Shakes or smoothies are a way to get in calories, protein, and fluid anytime.

Cancer comes with many side effects. Appetite loss is one of them – and a common one at that. In people with cancer, a loss of appetite can stem from the cancer itself; anxiety or depression due to the diagnosis and its treatment; and, of course, cancer treatment, particu­larly chemotherapy and radiation.
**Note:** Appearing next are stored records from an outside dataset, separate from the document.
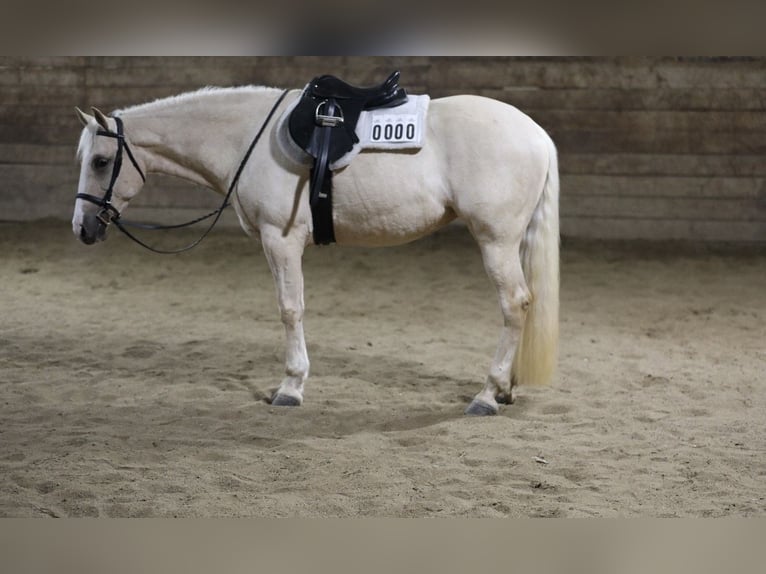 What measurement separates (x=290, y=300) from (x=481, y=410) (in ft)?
3.24

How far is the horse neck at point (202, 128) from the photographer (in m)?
3.81

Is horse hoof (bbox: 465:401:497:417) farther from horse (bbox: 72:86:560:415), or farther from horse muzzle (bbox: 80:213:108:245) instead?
horse muzzle (bbox: 80:213:108:245)

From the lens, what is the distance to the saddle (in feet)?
11.6

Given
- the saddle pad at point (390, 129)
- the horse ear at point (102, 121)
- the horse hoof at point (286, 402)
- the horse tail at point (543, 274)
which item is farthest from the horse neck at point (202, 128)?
the horse tail at point (543, 274)

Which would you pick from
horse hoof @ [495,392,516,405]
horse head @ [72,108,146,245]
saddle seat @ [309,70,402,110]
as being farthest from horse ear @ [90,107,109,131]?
horse hoof @ [495,392,516,405]

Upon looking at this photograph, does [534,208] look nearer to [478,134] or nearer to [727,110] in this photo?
[478,134]

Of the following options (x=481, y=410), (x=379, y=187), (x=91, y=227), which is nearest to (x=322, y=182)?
(x=379, y=187)

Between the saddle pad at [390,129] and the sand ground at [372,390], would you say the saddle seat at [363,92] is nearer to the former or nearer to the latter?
the saddle pad at [390,129]

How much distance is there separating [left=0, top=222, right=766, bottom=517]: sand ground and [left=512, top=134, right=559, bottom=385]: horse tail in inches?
9.5

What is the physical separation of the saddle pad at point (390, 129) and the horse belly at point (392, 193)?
0.16ft

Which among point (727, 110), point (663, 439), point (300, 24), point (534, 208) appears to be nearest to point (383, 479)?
point (663, 439)

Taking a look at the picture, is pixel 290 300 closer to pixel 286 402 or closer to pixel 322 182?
pixel 286 402

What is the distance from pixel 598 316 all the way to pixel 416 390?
1.97 meters

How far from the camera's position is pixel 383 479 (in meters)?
2.80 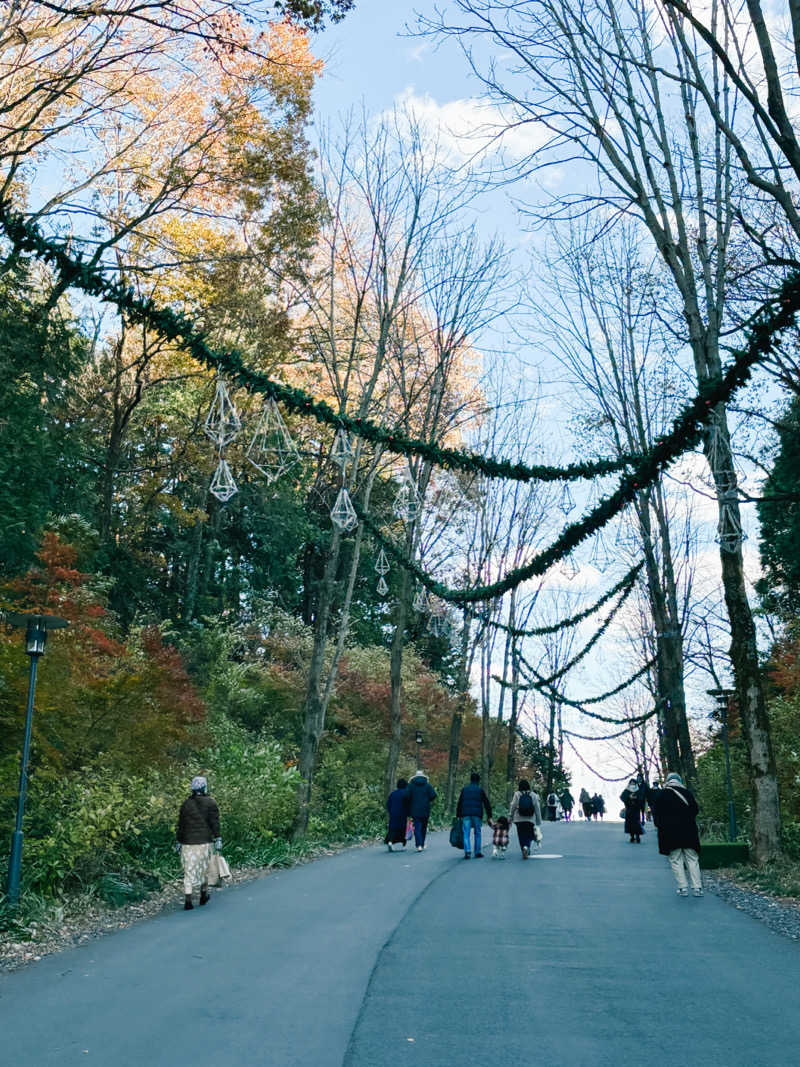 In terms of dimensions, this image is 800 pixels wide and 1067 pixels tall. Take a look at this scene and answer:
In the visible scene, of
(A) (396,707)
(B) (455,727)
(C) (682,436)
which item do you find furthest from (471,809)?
(B) (455,727)

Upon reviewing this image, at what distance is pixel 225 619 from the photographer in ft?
115

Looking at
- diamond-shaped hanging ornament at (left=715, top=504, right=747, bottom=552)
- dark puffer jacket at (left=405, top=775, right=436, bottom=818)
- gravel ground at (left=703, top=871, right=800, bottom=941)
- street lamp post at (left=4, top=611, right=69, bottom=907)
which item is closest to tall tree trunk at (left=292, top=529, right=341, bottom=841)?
dark puffer jacket at (left=405, top=775, right=436, bottom=818)

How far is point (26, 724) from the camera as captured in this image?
35.9ft

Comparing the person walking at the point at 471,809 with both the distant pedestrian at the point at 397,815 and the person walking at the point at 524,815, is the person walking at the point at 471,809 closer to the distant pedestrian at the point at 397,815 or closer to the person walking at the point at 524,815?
the person walking at the point at 524,815

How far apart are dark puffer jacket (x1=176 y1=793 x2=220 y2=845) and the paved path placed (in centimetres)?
84

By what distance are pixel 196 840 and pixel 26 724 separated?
9.18ft

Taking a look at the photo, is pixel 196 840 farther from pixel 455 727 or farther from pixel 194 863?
pixel 455 727

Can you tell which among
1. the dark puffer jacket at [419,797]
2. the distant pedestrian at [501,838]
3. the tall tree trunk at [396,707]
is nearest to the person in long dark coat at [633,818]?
the tall tree trunk at [396,707]

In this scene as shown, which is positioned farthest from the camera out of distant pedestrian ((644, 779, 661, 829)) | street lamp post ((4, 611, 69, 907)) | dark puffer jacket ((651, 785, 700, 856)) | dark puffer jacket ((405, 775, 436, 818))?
dark puffer jacket ((405, 775, 436, 818))

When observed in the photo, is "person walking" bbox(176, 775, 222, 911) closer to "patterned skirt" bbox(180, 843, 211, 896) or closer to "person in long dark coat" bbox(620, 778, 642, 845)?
"patterned skirt" bbox(180, 843, 211, 896)

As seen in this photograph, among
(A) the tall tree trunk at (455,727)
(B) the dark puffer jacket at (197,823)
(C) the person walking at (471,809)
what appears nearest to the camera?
(B) the dark puffer jacket at (197,823)

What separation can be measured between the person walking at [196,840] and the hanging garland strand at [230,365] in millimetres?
5525

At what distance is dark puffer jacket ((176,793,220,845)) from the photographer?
1262 cm

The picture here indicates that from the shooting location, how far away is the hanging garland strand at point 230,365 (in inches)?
313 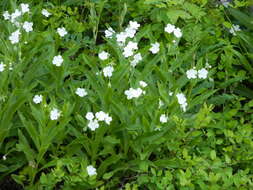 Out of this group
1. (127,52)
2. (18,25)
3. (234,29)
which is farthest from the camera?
(234,29)

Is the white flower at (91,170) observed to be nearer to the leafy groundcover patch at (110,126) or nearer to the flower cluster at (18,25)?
the leafy groundcover patch at (110,126)

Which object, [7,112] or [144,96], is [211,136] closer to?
[144,96]

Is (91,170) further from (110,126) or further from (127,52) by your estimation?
(127,52)

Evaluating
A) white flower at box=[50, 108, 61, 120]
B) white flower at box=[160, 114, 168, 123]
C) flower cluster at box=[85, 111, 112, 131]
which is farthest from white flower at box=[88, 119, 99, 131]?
white flower at box=[160, 114, 168, 123]

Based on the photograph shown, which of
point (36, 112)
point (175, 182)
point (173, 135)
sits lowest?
point (175, 182)

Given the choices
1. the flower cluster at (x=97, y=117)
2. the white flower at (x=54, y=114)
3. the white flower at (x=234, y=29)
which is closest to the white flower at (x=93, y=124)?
the flower cluster at (x=97, y=117)

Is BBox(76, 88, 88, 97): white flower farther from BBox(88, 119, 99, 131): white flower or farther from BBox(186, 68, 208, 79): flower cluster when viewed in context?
BBox(186, 68, 208, 79): flower cluster

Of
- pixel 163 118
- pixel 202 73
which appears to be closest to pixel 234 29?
pixel 202 73

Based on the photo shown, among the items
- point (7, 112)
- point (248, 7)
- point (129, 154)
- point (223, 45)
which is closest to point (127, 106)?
point (129, 154) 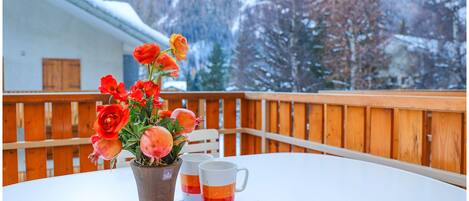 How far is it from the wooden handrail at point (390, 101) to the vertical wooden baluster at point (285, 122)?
0.17ft

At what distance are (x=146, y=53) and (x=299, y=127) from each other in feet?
5.85

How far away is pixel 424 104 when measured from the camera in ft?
5.47

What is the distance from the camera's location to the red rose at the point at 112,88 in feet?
2.46

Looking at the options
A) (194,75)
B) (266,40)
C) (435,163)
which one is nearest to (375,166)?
(435,163)

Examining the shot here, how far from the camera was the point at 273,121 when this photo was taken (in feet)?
8.95

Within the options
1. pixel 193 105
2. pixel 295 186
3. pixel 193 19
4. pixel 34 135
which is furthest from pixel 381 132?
pixel 193 19

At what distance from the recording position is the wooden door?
7520mm

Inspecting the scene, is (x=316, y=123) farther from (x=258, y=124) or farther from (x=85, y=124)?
(x=85, y=124)

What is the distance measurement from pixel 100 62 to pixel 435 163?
7194 millimetres

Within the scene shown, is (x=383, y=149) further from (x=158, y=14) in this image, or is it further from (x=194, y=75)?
(x=158, y=14)

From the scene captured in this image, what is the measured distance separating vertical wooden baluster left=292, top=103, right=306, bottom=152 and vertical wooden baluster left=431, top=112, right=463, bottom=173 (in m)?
0.84

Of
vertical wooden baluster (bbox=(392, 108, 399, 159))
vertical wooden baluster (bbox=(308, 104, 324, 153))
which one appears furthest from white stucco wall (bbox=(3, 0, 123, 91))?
vertical wooden baluster (bbox=(392, 108, 399, 159))

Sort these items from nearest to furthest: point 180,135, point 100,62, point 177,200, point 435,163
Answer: point 180,135 → point 177,200 → point 435,163 → point 100,62

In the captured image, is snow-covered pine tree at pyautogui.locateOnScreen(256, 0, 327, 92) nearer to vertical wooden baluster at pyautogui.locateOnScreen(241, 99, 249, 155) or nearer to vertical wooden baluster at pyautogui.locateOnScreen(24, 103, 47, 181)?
vertical wooden baluster at pyautogui.locateOnScreen(241, 99, 249, 155) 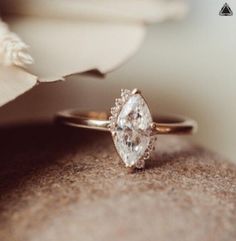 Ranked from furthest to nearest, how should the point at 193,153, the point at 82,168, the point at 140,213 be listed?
1. the point at 193,153
2. the point at 82,168
3. the point at 140,213

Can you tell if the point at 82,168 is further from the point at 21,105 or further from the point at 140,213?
the point at 21,105

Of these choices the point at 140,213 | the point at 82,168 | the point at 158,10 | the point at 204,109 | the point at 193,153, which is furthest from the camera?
the point at 204,109

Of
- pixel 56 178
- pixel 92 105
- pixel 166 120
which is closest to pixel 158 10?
pixel 166 120

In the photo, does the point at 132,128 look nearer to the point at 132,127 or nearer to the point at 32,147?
the point at 132,127

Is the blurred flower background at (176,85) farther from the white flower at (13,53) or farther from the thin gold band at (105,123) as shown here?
the white flower at (13,53)

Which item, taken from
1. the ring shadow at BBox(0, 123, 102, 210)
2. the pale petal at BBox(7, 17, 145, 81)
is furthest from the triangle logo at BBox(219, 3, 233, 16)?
the ring shadow at BBox(0, 123, 102, 210)

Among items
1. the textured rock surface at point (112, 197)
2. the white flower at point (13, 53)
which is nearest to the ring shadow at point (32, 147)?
the textured rock surface at point (112, 197)

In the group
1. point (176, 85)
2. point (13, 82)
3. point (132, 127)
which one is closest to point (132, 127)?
point (132, 127) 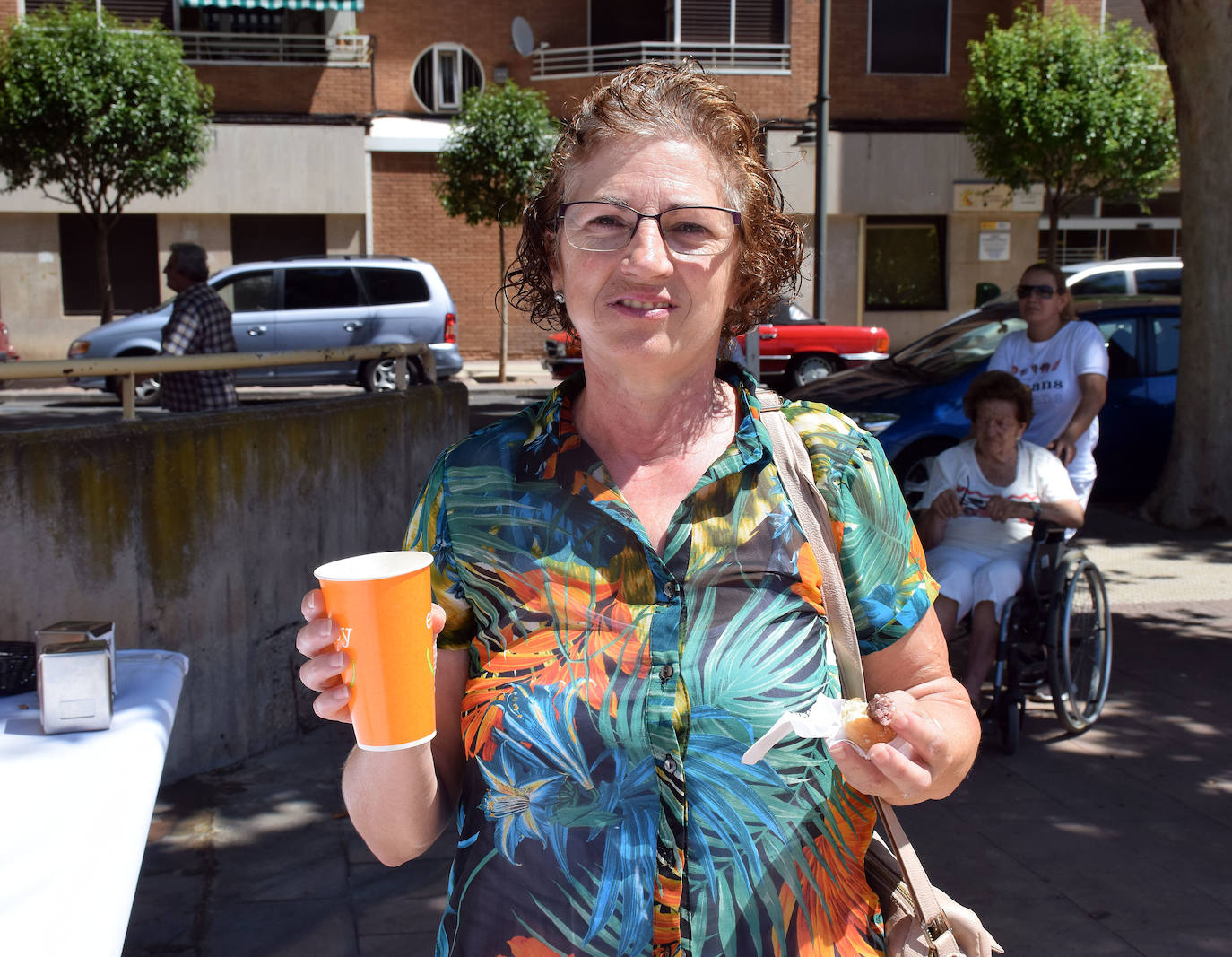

When you have cancer, it isn’t enough that your days be filled with medical appointments, chemo infu­sions, and getting poked and prodded by doctors and nurses, but you’re also encouraged – even expected – to maintain your weight and eat as “normal” as possible. Regardless of whether you have some pounds to spare, weight loss during cancer treat­ment can have a negative impact on treatment side effects, speed of recov­ery, and survival rates. So, how do you get the calories you need when you’re exhausted from treatment and busy shuttling to appointment after appointment?

Here are some simple tips and tricks to help you eat well during cancer treat­ment, even if it’s left you with little to no appetite.

♦ Eat often.
Eating every two to three hours will maximize your calorie intake, helping you preserve muscle mass and weight. Cancer and its treatment in­crease your protein and calorie needs. So, if the thought of a small meal or snack is too much, try to take one or two bites of high-calorie, protein-rich foods every hour.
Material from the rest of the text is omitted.